April 10, 2022

Many persons want a better world. Not enough persons want to be better people. The quote floated by my line of sight this week. It poked like a thorn Like seeing the crack in the glass It leaped like perhaps true hard things do. Do most people desire a better world? It would seem so. Yet the definition of what it means to have a better world Is itself a break in the vessel, where the evil gets in, a break that leaks, ruins. Vader, Pilate, Herod, fictional and non-fictional despots seem to think they are making a better world. Many good and middle people want a better world. But is the second half true as well? Do few persons desire to be better people?

It is fruit and serpents it is the thorns, the fractures of “normal.” We don’t do the hard things, we shout with the crowd, we run from our commitments, we humblebrag about our dragon skins. We seek high after high, distraction after distraction, mean girls mean girl mean girls too. And then there is the comfort steering around the shame, the bliss of the discharge of blame. We crack the cracks rather than repair the potholes.

The conviction in the quote about seeking better worlds without becoming better ourselves, it comes from a deep reading of Scripture and an intentional life with God. It rises from a sensibility of hope – the hope nurtured by the Spirit of God in the easy and hard times. Hope that as St. Augustine says has two beautiful daughters: Anger that things are the way they are, and Courage to see that they do not remain as they are.

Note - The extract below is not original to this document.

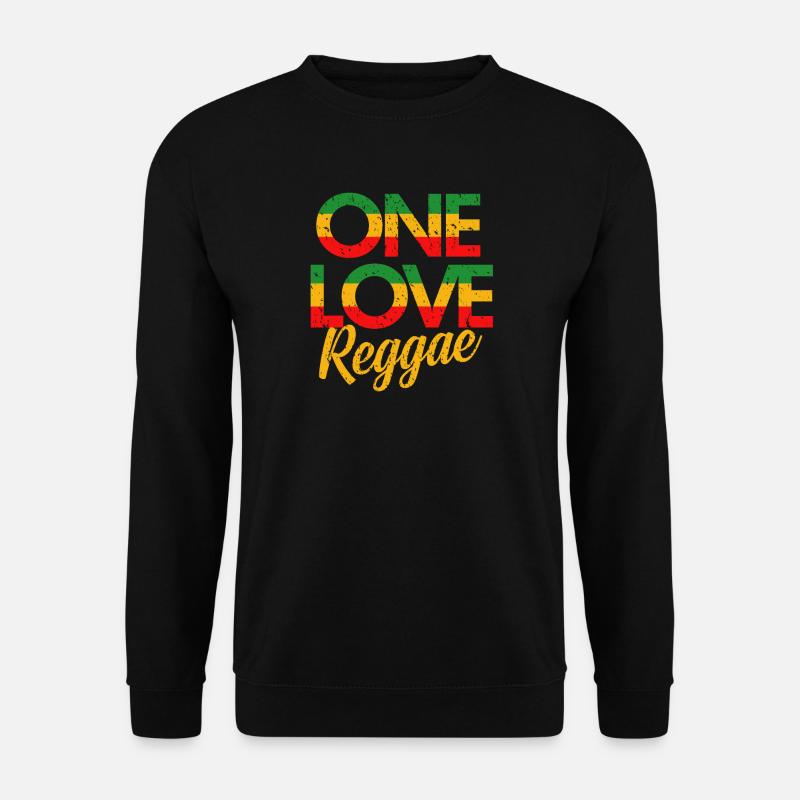 Reggae Musikliebhaber - Unisex Pullover - Schwarz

The world of kid fears and principalities and trends meets God in human flesh and yells – crucify him. The fully human human God’s intention for the better world living breathing celebrating loving us. And our response is to crucify and repeat. Waring madness, racism, antisemitism. Quiet in the face of evil is evil. Not to turn is to turn. Anger, the child of hope, fires. Regret stirs. Courage, the child of hope, I pray, kindles: turn us to him, to his cross, turn to a better us.

Anger and courage’s mother is clarity, is truth. Today we hold up the mirror and the bright light, we re-embody the path of Jesus and his violent rejection. In his death Evil tries to crush the love he is and offers with our hands. We say that he dies for our sins. Of course, he does. Something must bridge the gap, and it is this very tragedy that interrupts the madness. There are a zillion theories and all of them may only get slivers of the truth right. We may never know exactly how or why but we are assured by word and experience that this terrible moment sets us free, opens our eyes to the way between wanting a better world and becoming better people.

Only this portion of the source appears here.